EXCERPTED RECORDS »

• • • • •

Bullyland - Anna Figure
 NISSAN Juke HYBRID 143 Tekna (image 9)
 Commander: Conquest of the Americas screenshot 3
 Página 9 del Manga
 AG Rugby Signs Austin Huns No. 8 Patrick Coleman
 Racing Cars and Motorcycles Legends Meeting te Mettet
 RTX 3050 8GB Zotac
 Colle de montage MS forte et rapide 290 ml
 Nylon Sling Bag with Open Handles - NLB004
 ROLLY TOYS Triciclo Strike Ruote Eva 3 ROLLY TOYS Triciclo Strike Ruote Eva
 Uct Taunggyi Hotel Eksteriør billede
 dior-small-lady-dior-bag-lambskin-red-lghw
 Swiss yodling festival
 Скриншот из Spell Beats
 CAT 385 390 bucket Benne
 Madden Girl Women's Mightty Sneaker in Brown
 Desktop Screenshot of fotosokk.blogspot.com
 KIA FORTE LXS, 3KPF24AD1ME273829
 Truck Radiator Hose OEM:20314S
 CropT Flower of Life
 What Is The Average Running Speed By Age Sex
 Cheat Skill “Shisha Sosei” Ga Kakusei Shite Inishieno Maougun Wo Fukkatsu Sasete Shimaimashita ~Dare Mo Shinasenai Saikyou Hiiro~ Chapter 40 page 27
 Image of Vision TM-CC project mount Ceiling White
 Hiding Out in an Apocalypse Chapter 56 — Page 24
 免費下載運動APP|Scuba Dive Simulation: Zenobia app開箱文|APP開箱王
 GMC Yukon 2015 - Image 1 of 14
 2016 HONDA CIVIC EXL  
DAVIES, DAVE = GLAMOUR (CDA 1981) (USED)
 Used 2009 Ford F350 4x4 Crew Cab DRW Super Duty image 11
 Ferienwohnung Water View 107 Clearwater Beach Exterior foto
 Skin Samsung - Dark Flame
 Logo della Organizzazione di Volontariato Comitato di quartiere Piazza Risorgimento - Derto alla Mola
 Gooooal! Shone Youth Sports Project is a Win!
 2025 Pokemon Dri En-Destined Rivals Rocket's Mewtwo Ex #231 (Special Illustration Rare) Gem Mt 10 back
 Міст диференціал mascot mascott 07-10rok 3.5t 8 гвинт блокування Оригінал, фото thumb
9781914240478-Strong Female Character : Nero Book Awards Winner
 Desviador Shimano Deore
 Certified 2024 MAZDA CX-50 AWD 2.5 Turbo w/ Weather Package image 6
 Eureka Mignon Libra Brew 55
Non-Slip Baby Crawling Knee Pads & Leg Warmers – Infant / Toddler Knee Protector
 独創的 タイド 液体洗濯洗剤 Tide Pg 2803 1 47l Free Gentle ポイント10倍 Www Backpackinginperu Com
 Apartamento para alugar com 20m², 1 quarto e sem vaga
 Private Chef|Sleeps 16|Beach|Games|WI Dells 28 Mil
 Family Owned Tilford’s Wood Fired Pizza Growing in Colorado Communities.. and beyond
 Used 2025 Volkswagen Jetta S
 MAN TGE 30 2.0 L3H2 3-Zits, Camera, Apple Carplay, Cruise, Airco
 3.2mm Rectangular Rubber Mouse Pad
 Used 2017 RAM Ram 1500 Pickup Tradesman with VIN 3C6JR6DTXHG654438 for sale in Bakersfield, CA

• • • • •

EXERCISE INSTRUCTIONS »
Before answering, count every line of the records that contains "Beach"; the answer is that number and nothing more.

TASK ANSWER »
2